▶ **Directions for this task**: Each line from the opening of the listing below through the line that contains "Thumbnail: 2024 Mazda CX-90 - 1" is to be output exactly as written.

----------------

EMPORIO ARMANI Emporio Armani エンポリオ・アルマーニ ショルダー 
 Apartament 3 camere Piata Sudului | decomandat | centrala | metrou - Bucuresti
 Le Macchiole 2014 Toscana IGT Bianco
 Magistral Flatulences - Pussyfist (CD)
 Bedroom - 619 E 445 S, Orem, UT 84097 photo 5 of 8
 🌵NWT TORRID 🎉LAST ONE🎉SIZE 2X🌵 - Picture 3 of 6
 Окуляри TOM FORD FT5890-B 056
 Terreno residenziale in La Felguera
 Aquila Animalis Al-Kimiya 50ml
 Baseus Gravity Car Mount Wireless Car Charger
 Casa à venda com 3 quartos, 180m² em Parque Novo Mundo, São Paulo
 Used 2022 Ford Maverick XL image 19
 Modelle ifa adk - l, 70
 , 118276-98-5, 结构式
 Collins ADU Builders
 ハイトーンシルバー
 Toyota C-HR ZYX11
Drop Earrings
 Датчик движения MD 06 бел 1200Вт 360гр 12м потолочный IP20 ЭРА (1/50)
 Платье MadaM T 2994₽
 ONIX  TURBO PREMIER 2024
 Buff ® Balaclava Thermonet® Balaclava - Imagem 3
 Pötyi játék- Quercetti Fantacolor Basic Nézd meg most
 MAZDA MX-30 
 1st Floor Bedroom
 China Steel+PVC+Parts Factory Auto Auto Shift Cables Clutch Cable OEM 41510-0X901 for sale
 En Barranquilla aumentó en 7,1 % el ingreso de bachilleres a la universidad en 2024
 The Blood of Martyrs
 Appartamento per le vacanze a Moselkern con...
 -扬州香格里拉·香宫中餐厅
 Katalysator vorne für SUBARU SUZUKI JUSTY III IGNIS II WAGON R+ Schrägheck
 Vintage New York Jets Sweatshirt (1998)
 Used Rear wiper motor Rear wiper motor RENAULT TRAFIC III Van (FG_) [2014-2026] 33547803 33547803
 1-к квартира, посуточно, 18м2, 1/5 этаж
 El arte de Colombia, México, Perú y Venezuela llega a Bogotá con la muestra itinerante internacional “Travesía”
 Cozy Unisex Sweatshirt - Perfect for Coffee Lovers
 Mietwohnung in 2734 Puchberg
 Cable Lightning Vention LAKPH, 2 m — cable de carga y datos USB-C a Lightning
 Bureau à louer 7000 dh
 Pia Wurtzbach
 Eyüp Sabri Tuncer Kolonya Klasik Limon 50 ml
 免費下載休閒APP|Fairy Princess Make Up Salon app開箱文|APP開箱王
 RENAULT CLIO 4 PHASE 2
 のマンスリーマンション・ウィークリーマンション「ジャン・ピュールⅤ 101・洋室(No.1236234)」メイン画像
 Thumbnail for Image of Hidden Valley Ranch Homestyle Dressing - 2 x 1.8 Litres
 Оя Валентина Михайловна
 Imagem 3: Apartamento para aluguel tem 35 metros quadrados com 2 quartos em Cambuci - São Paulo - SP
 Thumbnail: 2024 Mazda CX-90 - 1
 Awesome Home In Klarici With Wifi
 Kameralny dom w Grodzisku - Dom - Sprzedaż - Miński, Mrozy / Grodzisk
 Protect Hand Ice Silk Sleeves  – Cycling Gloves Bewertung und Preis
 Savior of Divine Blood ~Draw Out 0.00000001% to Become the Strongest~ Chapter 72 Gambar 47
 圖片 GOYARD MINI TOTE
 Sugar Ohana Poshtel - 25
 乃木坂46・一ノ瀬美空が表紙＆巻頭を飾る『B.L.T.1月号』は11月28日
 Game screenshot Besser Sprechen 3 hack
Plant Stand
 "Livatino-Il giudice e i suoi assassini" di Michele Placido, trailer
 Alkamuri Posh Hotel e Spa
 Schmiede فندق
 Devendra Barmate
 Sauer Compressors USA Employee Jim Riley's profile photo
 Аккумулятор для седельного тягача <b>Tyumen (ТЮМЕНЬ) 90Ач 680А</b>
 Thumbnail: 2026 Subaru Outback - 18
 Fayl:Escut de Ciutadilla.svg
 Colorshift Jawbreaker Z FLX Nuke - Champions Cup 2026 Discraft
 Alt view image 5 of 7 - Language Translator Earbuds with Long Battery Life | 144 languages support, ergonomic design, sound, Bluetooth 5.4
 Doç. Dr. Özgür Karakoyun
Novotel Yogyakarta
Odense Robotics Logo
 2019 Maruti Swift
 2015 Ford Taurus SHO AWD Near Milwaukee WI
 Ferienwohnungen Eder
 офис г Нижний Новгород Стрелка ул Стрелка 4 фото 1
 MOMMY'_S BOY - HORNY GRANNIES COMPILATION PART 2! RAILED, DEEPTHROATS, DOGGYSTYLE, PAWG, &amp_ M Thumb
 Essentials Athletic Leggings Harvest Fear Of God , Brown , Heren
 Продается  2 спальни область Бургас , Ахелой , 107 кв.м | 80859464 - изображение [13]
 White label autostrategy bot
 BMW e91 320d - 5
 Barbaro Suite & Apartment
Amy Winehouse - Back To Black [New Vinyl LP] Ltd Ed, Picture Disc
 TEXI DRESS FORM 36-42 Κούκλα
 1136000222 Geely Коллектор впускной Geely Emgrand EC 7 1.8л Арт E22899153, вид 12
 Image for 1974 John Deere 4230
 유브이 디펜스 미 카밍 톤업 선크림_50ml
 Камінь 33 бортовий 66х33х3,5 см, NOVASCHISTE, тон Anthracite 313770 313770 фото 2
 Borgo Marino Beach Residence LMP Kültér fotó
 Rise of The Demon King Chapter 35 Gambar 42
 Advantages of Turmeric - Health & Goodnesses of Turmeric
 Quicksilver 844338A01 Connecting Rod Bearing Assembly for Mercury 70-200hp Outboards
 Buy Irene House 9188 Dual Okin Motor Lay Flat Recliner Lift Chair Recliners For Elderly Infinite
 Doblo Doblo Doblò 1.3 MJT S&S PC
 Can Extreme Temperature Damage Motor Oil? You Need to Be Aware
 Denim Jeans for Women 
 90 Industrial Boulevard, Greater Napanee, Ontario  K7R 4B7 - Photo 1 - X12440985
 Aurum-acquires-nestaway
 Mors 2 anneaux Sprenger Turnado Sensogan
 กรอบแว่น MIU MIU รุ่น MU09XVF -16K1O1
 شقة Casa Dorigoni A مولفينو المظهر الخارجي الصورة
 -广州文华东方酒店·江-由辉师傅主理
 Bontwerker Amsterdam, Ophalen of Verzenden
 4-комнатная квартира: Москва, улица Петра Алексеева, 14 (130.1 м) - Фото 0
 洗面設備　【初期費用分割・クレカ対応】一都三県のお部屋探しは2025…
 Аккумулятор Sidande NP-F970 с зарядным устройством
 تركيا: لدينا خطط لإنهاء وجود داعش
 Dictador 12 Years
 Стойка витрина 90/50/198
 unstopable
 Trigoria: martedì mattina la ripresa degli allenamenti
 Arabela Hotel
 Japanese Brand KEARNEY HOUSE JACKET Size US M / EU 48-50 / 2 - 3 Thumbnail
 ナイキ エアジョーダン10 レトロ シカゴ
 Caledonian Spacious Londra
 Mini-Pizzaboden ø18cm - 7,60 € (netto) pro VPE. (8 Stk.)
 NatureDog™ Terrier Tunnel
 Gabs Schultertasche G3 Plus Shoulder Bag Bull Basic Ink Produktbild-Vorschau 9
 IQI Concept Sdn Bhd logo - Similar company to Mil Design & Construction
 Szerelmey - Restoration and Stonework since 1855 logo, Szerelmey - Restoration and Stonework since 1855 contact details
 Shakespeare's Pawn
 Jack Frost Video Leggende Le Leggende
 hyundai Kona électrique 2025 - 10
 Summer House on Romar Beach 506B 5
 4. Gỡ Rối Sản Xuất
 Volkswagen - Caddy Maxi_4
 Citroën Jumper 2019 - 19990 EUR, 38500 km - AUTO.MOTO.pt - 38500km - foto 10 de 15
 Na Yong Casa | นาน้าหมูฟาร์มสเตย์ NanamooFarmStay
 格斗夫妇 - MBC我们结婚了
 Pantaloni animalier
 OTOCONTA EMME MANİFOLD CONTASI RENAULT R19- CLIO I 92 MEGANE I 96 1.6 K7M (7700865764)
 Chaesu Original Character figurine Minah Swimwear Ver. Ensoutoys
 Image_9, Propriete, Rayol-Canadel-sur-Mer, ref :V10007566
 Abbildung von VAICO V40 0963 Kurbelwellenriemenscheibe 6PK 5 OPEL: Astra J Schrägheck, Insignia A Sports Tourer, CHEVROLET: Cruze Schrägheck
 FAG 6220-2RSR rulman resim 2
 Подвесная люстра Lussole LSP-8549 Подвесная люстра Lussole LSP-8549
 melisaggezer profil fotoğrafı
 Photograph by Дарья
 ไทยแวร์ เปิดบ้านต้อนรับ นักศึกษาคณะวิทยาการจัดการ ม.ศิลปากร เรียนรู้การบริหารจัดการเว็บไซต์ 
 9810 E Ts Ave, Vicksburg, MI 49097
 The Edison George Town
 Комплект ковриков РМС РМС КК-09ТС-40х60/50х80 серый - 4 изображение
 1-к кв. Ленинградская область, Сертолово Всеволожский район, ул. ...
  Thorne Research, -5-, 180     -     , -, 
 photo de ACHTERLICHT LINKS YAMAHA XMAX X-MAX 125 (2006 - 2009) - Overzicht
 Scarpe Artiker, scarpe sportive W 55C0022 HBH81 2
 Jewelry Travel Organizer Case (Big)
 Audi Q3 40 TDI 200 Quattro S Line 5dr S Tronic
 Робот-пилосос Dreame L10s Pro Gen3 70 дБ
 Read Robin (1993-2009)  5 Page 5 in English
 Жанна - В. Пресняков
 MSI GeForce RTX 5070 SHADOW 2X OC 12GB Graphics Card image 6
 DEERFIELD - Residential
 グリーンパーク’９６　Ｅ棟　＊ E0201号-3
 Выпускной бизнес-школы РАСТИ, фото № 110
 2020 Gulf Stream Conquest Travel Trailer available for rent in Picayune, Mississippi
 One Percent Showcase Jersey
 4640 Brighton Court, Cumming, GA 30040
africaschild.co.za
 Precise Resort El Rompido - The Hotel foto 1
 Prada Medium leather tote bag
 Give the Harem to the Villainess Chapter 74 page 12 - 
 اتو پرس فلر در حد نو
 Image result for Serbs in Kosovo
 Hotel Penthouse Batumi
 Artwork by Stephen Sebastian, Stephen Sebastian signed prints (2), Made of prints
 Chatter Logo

----------------

▶ **Your response**:
EMPORIO ARMANI Emporio Armani エンポリオ・アルマーニ ショルダー 
 Apartament 3 camere Piata Sudului | decomandat | centrala | metrou - Bucuresti
 Le Macchiole 2014 Toscana IGT Bianco
 Magistral Flatulences - Pussyfist (CD)
 Bedroom - 619 E 445 S, Orem, UT 84097 photo 5 of 8
 🌵NWT TORRID 🎉LAST ONE🎉SIZE 2X🌵 - Picture 3 of 6
 Окуляри TOM FORD FT5890-B 056
 Terreno residenziale in La Felguera
 Aquila Animalis Al-Kimiya 50ml
 Baseus Gravity Car Mount Wireless Car Charger
 Casa à venda com 3 quartos, 180m² em Parque Novo Mundo, São Paulo
 Used 2022 Ford Maverick XL image 19
 Modelle ifa adk - l, 70
 , 118276-98-5, 结构式
 Collins ADU Builders
 ハイトーンシルバー
 Toyota C-HR ZYX11
Drop Earrings
 Датчик движения MD 06 бел 1200Вт 360гр 12м потолочный IP20 ЭРА (1/50)
 Платье MadaM T 2994₽
 ONIX  TURBO PREMIER 2024
 Buff ® Balaclava Thermonet® Balaclava - Imagem 3
 Pötyi játék- Quercetti Fantacolor Basic Nézd meg most
 MAZDA MX-30 
 1st Floor Bedroom
 China Steel+PVC+Parts Factory Auto Auto Shift Cables Clutch Cable OEM 41510-0X901 for sale
 En Barranquilla aumentó en 7,1 % el ingreso de bachilleres a la universidad en 2024
 The Blood of Martyrs
 Appartamento per le vacanze a Moselkern con...
 -扬州香格里拉·香宫中餐厅
 Katalysator vorne für SUBARU SUZUKI JUSTY III IGNIS II WAGON R+ Schrägheck
 Vintage New York Jets Sweatshirt (1998)
 Used Rear wiper motor Rear wiper motor RENAULT TRAFIC III Van (FG_) [2014-2026] 33547803 33547803
 1-к квартира, посуточно, 18м2, 1/5 этаж
 El arte de Colombia, México, Perú y Venezuela llega a Bogotá con la muestra itinerante internacional “Travesía”
 Cozy Unisex Sweatshirt - Perfect for Coffee Lovers
 Mietwohnung in 2734 Puchberg
 Cable Lightning Vention LAKPH, 2 m — cable de carga y datos USB-C a Lightning
 Bureau à louer 7000 dh
 Pia Wurtzbach
 Eyüp Sabri Tuncer Kolonya Klasik Limon 50 ml
 免費下載休閒APP|Fairy Princess Make Up Salon app開箱文|APP開箱王
 RENAULT CLIO 4 PHASE 2
 のマンスリーマンション・ウィークリーマンション「ジャン・ピュールⅤ 101・洋室(No.1236234)」メイン画像
 Thumbnail for Image of Hidden Valley Ranch Homestyle Dressing - 2 x 1.8 Litres
 Оя Валентина Михайловна
 Imagem 3: Apartamento para aluguel tem 35 metros quadrados com 2 quartos em Cambuci - São Paulo - SP
 Thumbnail: 2024 Mazda CX-90 - 1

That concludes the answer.